Something very exciting is happening right now across the landscape of the physical and mathematical sciences: we are finally starting to learn fundamentally new things about how the universe works because of the direct and purposeful use of artificial intelligence/machine learning (AI/ML). Last week, two major results (discussed below) suggests that the long-sought, oft-discussed hope of an AI-driven revolution in science may now be coming to fruition.
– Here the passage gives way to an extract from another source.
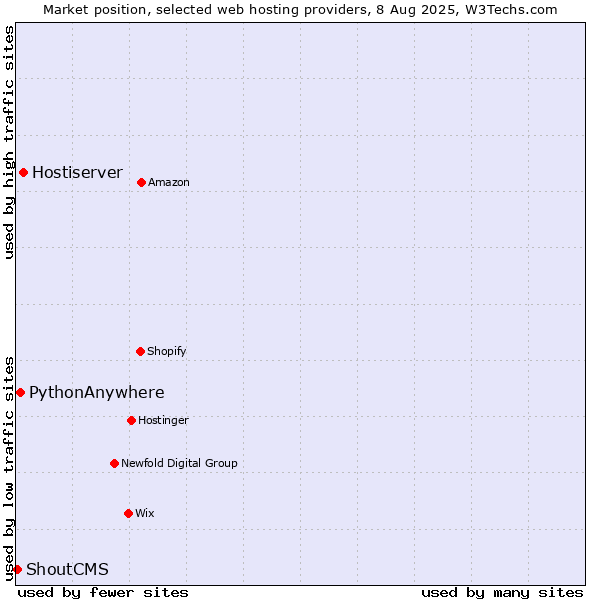 Market position of Hostiserver vs. PythonAnywhere vs. ShoutCMS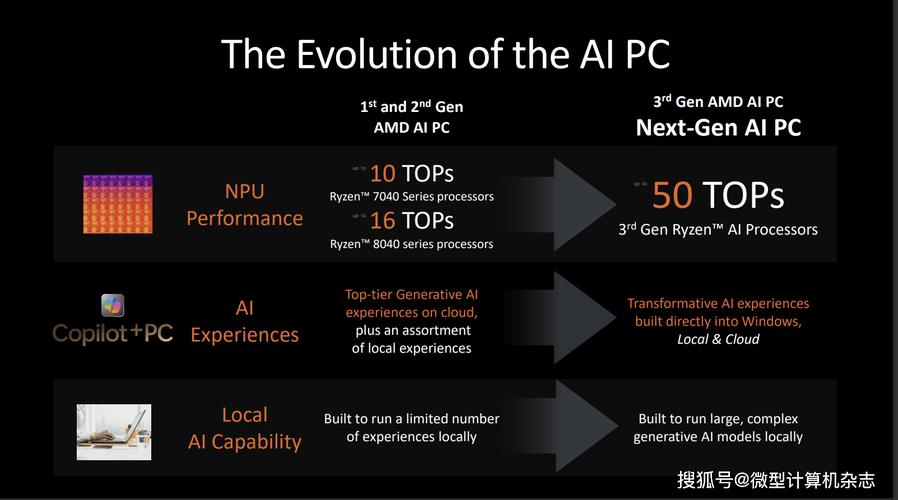 AMD锐龙AI Max系列处理器震撼发布！2025年AI PC市场将迎来怎样的革命性变革？  第10张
To be sure, AI/ML has been an integral part of our scientific workflows for years. We might categorize the to-date uses and utility of AI/ML thus far as:

  1. Discovery Enhancing In astronomy, we've used ML-based classification engines to accelerate discovery of new transient events in imaging surveys, finding celestial gems better, faster, and on a larger scale than we could have ever hoped to do human experts looking at data or hand-crafted decision rules (I'm particular proud that a decade ago our ML classifier, working on real data in real time, identified the nearest Type Ia supernova in 3 decades). and for generative event simulation. While hundreds of papers have been written about astronomical events discovered with ML assistance, the tools deployed in real data analysis chains are generally supervised, answering (probabilistically) yes-no or multi-class classification questions. Doing this well means alerting scientists to important places in the sky, using precious followup resources more efficiently, and accelerating the time from data taking to scientifically relevant outcomes. We may find more of the sort of objects and events we already knew about or perhaps new objects and events we had not. In high-energy particle physics, ML has been used for event discrimination leading to better/faster measurements of fundamental particle interactions.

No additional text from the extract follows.